Code Completions Level Up
Two changes to completions that sound small but feel huge in practice:
Colorized code completions — ghost text now renders with syntax highlighting instead of monochrome gray. It sounds cosmetic, but it dramatically improves readability when you’re scanning a suggestion to decide whether to accept it.
Partial acceptance by click — you can now click inside a completion to accept only up to that point. Combined with the existing word-by-word acceptance, this gives you much finer control over what you take from a suggestion.
The Plan agent also landed — a structured approach to implementation planning that breaks complex tasks into discrete steps before generating code. This is particularly useful for multi-file refactors where you want to review the strategy before committing to it.
Security and Trust
For anyone deploying Copilot in an enterprise context, the security updates in 1.109 are significant:
- Terminal command sandboxing (experimental, macOS/Linux) — when agents want to run shell commands, dangerous operations require explicit approval. This addresses one of the biggest concerns I hear from engineering leaders about giving AI agents terminal access.
- Auto-approval rules — define trusted command patterns that skip the approval dialog. So
npm testcan run freely whilerm -rfstill requires confirmation. - Syntax highlighting in agent mode commands — small but practical. You can actually read the commands agents propose before approving them.
MCP and Terminal Enhancements
The Model Context Protocol got several upgrades: dynamic context from MCP servers, private registry support, custom UI surfaces, and improved server management. If you’re building custom integrations, MCP is becoming the standard plumbing.
On the terminal side, Kitty keyboard protocol support and win32-input-mode arrive alongside inline terminal output improvements. These changes make the terminal more capable as an agent interaction surface — which tracks with the multi-agent direction of the release.
What’s Coming in 1.110 Insiders
The February 2026 Insiders build previews what’s next:
find_symboltool for Agent Mode — language-aware symbol navigation across your entire codebase. Supported for C++, C#, Razor, TypeScript, and more. This makes agents significantly better at understanding your code structure.- Claude agent improvements — image attachments in chat prompts (multimodal input), subagent invocation rendering with progress streaming, and the ability to view terminal output from commands Claude runs.
- Context window usage control — you can now see how much of the context window you’ve consumed, get recommendations, and manually compact conversations.
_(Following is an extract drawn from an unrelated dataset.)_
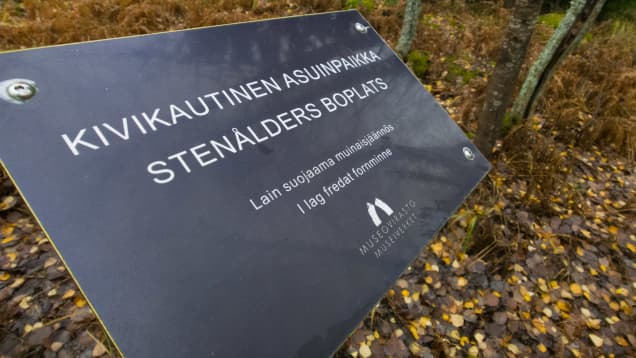 Museoviraston pystyttämässä kyltissä lukee "kivikautinen asuinpaikka".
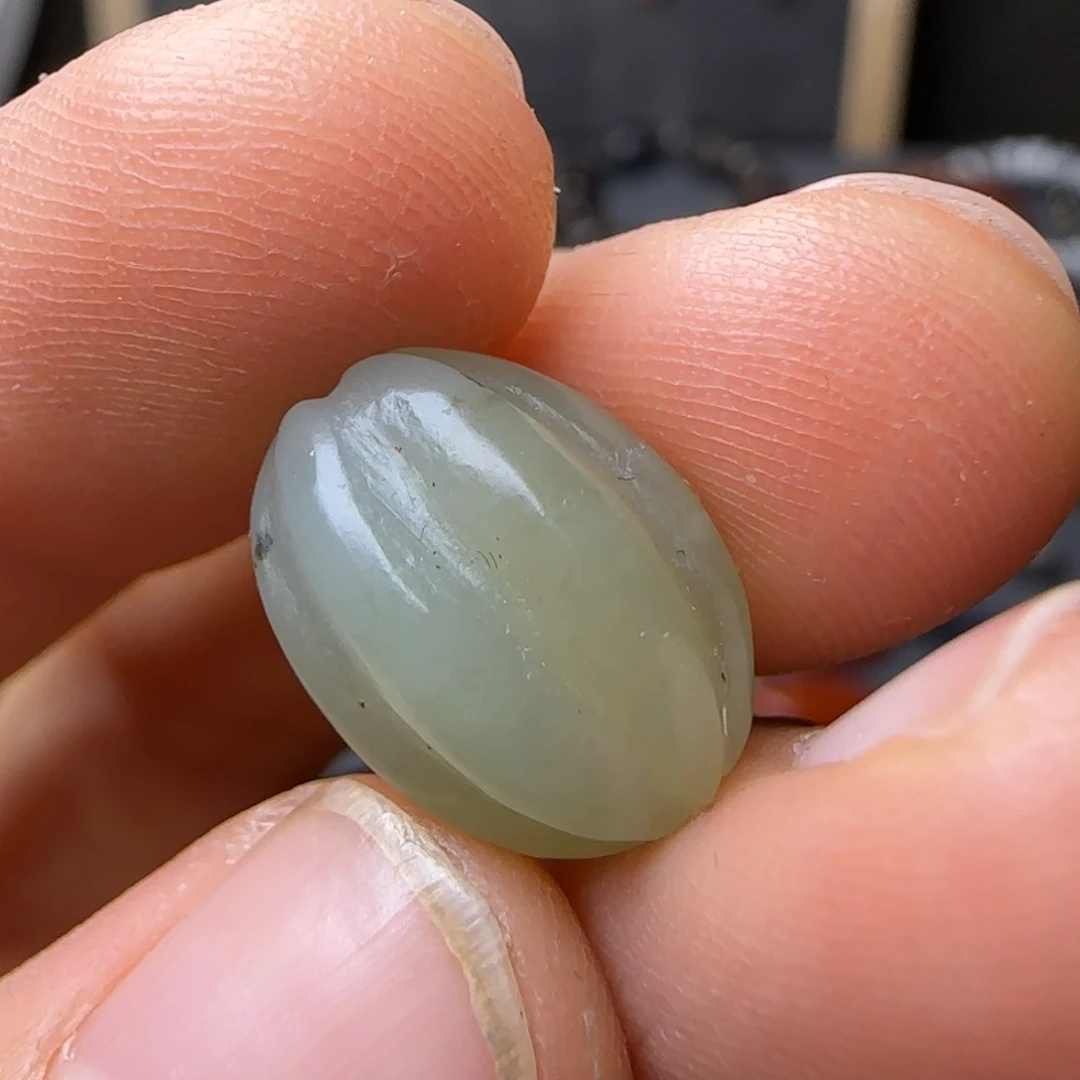 哎***子和田玉未镶嵌颈饰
Essential for long sessions.
- Large tool output handling — outputs are saved to temporary files instead of stuffed into the context window, improving model accuracy on complex tasks.
The Bigger Picture
This VS Code release doesn’t exist in a vacuum. Visual Studio 2026 v18.3 shipped Copilot unit testing for C# (.NET) as generally available — auto-generating, running, and fixing tests across xUnit, NUnit, and MSTest. Agent HQ launched in public preview alongside the GitHub Copilot SDK. And the old GitHub Copilot extension was officially deprecated in favor of the unified GitHub Copilot Chat extension.
Layer in Copilot CLI shipping seven releases in ten days and the research showing 60-75% of developers feel more fulfilled using these tools, and a clear picture emerges: GitHub isn’t building an AI assistant. They’re building an AI development platform — and VS Code is the control plane.
What to Try First
If you take one thing from this roundup: enable Copilot Memory and try a multi-agent session. Start a task with Copilot, let it delegate to subagents, and watch how the orchestration works. Then try Claude for comparison on the same task. The future of coding isn’t picking one AI — it’s orchestrating several. VS Code 1.109 is the first release that makes that feel real.